• _Data for analysis_
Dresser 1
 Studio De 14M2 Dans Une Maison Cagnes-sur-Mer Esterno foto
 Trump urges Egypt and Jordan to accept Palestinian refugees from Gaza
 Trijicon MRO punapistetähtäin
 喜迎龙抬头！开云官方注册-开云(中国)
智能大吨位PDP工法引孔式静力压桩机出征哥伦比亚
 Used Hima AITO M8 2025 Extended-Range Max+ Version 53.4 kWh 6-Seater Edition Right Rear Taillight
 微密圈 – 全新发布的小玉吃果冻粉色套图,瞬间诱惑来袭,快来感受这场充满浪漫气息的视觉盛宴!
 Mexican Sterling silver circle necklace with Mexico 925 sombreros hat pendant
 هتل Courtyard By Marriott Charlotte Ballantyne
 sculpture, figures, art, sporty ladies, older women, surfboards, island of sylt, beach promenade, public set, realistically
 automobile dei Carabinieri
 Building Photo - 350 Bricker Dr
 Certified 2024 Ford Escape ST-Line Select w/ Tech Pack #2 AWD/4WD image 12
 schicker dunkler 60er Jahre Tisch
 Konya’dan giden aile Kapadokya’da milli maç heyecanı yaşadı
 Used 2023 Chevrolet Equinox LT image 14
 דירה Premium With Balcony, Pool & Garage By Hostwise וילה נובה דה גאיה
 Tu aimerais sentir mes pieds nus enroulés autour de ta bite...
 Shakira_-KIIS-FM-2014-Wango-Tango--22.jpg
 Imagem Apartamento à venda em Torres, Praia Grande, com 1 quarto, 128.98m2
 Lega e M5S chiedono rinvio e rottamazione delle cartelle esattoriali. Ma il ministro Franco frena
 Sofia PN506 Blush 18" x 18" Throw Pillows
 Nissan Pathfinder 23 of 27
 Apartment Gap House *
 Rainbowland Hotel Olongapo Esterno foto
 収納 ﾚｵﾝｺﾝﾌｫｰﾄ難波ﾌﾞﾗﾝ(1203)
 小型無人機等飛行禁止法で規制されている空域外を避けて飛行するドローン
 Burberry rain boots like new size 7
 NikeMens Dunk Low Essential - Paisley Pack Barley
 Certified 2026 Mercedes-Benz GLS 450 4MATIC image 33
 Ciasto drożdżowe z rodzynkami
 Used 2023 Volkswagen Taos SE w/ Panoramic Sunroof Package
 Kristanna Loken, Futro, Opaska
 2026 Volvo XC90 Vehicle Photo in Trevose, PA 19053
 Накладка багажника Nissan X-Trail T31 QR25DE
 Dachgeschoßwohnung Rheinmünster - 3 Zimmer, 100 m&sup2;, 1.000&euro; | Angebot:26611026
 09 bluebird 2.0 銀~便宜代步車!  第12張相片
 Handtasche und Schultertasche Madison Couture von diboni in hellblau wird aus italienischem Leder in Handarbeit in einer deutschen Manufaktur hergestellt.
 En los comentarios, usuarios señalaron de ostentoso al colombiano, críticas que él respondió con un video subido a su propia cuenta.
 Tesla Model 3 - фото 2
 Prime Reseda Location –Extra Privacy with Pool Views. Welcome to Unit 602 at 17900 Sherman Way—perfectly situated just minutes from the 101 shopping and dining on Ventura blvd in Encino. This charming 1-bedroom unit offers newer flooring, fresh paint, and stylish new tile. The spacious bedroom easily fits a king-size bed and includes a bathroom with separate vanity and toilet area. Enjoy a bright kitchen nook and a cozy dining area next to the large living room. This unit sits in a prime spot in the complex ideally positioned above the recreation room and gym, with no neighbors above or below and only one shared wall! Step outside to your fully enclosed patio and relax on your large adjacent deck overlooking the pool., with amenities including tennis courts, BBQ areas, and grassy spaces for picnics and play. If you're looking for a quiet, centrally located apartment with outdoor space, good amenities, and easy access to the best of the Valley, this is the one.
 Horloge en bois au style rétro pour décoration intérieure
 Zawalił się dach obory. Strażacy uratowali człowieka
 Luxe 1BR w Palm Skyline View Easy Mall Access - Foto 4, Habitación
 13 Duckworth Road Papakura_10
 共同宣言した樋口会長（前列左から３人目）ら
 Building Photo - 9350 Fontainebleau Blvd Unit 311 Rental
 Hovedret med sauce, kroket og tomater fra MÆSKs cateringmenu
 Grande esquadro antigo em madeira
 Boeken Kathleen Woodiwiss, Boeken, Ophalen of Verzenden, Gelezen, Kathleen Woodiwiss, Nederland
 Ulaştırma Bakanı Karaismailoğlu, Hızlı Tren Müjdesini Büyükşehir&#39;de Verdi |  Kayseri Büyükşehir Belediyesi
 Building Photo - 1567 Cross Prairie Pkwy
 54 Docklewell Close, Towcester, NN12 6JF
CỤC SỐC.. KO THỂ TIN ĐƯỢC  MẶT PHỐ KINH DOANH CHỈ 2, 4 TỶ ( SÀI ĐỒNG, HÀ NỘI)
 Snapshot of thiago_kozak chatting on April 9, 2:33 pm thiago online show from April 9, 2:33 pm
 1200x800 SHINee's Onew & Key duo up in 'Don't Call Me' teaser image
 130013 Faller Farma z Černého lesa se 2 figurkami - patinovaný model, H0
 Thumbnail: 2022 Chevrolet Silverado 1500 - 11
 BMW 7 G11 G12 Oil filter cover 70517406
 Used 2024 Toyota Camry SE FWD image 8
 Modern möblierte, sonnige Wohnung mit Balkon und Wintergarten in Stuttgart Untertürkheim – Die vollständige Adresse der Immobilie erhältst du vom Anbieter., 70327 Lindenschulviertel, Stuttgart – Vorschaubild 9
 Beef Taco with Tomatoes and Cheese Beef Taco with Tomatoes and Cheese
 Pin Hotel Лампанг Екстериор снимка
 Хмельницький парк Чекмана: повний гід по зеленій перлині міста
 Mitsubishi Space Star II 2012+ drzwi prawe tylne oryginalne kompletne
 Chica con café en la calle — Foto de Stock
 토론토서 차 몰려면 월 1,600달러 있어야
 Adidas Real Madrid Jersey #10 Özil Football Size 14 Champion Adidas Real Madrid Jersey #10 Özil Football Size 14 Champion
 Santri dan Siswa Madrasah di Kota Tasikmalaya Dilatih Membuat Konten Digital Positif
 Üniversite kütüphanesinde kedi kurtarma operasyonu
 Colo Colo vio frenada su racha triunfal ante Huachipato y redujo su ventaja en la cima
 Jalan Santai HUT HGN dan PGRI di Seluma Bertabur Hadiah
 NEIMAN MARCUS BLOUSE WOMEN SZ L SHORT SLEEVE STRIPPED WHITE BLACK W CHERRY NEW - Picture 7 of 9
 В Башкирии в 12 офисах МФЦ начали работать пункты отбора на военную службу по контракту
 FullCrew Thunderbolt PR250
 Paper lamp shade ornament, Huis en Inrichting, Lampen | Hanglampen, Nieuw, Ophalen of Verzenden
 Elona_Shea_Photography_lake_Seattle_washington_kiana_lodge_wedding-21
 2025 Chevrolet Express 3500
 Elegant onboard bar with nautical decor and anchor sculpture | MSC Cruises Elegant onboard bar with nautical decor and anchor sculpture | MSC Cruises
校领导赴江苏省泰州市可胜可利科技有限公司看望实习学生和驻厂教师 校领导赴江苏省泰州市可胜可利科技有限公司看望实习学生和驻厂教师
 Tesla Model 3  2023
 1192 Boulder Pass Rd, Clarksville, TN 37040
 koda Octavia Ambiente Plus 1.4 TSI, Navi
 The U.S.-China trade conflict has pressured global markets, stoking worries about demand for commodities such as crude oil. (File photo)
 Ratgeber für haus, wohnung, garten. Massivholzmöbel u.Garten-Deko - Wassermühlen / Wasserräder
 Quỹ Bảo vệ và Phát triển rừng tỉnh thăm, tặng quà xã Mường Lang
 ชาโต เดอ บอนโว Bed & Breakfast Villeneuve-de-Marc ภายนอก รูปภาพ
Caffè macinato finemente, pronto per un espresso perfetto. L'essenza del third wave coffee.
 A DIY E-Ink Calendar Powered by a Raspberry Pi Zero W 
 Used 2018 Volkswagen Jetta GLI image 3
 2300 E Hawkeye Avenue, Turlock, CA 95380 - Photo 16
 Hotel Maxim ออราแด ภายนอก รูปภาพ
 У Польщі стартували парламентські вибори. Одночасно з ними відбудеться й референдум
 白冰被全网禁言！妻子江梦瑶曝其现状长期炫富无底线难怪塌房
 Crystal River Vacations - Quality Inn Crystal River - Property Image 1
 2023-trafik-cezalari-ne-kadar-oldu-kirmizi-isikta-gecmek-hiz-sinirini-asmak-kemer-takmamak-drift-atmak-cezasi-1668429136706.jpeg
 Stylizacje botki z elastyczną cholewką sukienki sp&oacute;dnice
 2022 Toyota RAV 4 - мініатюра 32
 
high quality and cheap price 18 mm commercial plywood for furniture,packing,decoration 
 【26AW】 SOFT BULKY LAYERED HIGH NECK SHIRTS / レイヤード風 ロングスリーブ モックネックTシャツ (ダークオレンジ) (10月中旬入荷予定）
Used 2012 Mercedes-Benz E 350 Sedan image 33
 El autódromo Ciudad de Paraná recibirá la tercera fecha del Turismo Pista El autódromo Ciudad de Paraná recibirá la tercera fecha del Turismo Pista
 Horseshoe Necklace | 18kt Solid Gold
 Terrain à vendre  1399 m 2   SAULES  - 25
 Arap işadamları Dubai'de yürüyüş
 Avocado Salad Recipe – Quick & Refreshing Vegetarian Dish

• _Your objective_
Which lines above run from the one containing "Trump urges Egypt" down to the one containing "Building Photo - 350 Bricker Dr"? Repeat exactly those, both ends included, and nothing else.

• _Completed exercise_
 Trump urges Egypt and Jordan to accept Palestinian refugees from Gaza
 Trijicon MRO punapistetähtäin
 喜迎龙抬头！开云官方注册-开云(中国)
智能大吨位PDP工法引孔式静力压桩机出征哥伦比亚
 Used Hima AITO M8 2025 Extended-Range Max+ Version 53.4 kWh 6-Seater Edition Right Rear Taillight
 微密圈 – 全新发布的小玉吃果冻粉色套图,瞬间诱惑来袭,快来感受这场充满浪漫气息的视觉盛宴!
 Mexican Sterling silver circle necklace with Mexico 925 sombreros hat pendant
 هتل Courtyard By Marriott Charlotte Ballantyne
 sculpture, figures, art, sporty ladies, older women, surfboards, island of sylt, beach promenade, public set, realistically
 automobile dei Carabinieri
 Building Photo - 350 Bricker Dr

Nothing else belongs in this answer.